To overcome these challenges, an international research team from Tohoku University, in Sendai, Japan, together with researchers from INSA Lyon in France and the ELyTMaX Japan–France Joint Laboratory, are developing a polymer-based fibre actuator.
The team has adapted a thermal-drawing technique to produce a fibre made from thermoplastic polyurethane (TPU), a highly flexible material that can function as a dielectric elastomer (meaning that it deforms when an electric field is applied). The resulting fibres respond to voltage by bending, contracting and generating undulating movements in three dimensions. Associate Professor at Tohoku University, Yuanyuan Guo, says: "By combining fibre-manufacturing techniques with soft electroactive materials, we were able to create one of the thinnest and softest electrically driven actuators reported in fibre form. Because the actuator behaves like a thread, it can be easily integrated into textiles and flexible structures."
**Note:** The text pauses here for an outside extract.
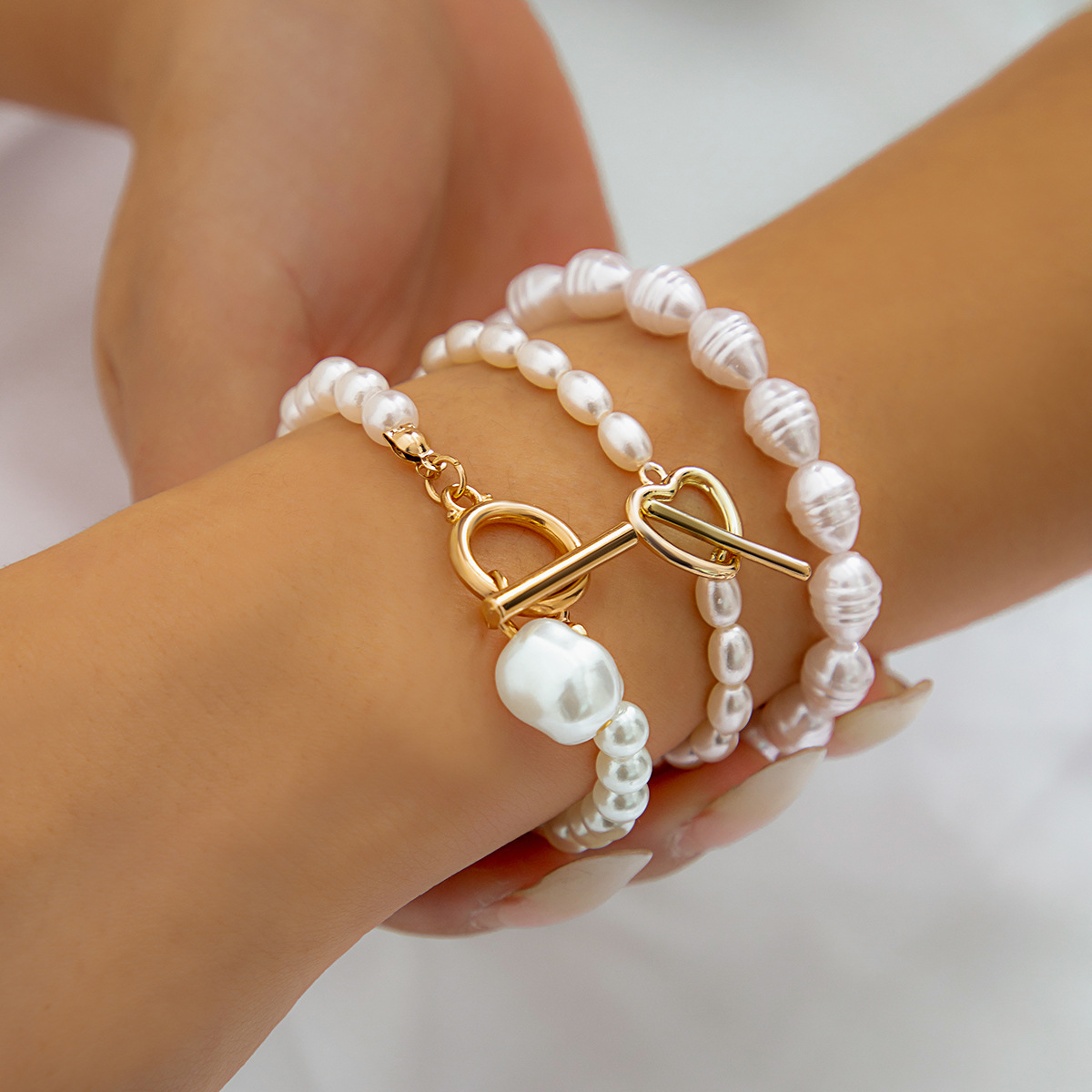 A niche woven water drop imitation pearl stacked collarbone chain with a versatile OT clasp and a heart-shaped water drop pendant, a retro beaded necklace details Picture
Unlike flat or bulky actuators, the fibre can be wound into spirals, knitted into fabrics and woven into complex 3D structures. This allows the actuator to generate motions that are difficult to achieve using conventional planar systems, while possessing a soft, rubber-like feel suitable for direct contact with the human body.
The researchers now plan to improve the actuator's performance by refining its internal structure and optimising the electrode materials they use. They also aim to integrate additional capabilities - such as sensing functions and fluidic channels - into the same types of fibre. Ultimately, the team hopes to develop multifunctional fibres that can both sense their environment and move in response.